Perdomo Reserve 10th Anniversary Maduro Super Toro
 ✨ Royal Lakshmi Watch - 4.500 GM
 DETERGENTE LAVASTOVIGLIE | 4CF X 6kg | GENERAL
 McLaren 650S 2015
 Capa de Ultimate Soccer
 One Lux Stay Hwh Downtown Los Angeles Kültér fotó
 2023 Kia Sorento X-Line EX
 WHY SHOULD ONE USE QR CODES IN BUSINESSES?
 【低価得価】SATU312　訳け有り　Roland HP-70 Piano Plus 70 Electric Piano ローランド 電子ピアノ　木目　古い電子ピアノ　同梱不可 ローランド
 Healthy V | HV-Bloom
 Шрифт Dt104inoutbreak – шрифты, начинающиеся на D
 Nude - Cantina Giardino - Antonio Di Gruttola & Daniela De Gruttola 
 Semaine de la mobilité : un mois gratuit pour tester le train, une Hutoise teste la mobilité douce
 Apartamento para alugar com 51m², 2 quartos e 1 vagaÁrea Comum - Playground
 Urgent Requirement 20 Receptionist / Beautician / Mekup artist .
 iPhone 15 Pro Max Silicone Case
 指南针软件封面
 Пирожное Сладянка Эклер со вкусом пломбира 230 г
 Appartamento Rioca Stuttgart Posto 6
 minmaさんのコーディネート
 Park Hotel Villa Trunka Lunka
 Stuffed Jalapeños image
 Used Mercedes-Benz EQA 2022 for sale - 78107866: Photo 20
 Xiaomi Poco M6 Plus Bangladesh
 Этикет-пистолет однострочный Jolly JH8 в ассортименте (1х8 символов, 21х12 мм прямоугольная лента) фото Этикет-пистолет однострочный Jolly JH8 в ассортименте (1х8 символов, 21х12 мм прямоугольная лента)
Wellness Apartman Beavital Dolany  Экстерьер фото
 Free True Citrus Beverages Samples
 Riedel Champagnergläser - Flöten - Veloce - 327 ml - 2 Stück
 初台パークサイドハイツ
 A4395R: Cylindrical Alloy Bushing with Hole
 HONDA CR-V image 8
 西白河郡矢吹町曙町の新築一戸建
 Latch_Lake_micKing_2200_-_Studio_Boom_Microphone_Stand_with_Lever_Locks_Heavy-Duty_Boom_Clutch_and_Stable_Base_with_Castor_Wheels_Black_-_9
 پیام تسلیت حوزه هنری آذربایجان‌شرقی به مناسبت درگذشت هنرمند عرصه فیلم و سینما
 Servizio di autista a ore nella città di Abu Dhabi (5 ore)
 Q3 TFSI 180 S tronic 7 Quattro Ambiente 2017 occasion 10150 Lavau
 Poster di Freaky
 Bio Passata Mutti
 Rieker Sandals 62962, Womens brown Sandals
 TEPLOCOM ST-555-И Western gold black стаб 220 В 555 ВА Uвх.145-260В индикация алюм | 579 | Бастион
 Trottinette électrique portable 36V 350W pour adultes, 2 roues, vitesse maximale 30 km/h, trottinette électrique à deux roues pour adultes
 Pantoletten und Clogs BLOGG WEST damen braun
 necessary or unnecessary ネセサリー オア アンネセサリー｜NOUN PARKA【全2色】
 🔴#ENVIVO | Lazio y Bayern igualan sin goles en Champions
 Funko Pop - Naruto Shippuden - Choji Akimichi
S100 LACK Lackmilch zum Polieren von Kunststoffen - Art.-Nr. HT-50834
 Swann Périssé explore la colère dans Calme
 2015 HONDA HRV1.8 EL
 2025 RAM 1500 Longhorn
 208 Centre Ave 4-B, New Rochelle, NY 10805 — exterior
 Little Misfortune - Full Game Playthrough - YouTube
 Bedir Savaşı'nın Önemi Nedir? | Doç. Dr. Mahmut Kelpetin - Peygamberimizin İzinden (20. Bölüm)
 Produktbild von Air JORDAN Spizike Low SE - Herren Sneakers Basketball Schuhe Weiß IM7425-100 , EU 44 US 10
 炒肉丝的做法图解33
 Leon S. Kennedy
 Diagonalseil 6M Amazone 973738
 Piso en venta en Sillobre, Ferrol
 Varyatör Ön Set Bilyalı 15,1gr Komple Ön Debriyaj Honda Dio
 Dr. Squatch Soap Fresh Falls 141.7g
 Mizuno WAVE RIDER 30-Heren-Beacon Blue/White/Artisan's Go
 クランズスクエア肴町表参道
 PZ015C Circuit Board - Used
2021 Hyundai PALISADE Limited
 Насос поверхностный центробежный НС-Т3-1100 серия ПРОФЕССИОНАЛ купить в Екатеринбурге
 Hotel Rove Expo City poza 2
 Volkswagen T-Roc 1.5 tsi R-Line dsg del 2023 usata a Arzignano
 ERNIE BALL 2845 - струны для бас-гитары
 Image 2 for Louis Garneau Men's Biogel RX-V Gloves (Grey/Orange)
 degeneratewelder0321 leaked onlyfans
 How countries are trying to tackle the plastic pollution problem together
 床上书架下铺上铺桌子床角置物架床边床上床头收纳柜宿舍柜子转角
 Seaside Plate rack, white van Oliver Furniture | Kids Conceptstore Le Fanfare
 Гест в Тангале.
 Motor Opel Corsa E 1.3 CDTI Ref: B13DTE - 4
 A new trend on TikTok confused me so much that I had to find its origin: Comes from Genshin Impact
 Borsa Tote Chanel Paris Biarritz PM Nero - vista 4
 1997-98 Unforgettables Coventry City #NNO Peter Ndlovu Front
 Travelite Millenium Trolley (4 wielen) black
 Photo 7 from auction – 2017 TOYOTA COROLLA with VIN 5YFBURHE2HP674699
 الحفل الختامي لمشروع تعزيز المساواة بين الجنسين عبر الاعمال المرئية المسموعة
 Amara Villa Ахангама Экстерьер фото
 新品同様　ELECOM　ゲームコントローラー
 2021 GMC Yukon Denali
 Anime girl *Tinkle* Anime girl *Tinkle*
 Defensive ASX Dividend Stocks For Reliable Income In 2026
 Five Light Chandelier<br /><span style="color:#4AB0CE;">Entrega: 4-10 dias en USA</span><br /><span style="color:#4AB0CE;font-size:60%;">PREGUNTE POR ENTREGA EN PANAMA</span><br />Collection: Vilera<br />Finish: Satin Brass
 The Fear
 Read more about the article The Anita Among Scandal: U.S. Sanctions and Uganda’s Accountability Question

━━━━

▸ What the task asks: Beginning at the line that holds "Anime girl *Tinkle* Anime girl *Tinkle*", copy every line through the end of the entries exactly as given, and only those lines.

▸ Solution for this task:
 Anime girl *Tinkle* Anime girl *Tinkle*
 Defensive ASX Dividend Stocks For Reliable Income In 2026
 Five Light Chandelier<br /><span style="color:#4AB0CE;">Entrega: 4-10 dias en USA</span><br /><span style="color:#4AB0CE;font-size:60%;">PREGUNTE POR ENTREGA EN PANAMA</span><br />Collection: Vilera<br />Finish: Satin Brass
 The Fear
 Read more about the article The Anita Among Scandal: U.S. Sanctions and Uganda’s Accountability Question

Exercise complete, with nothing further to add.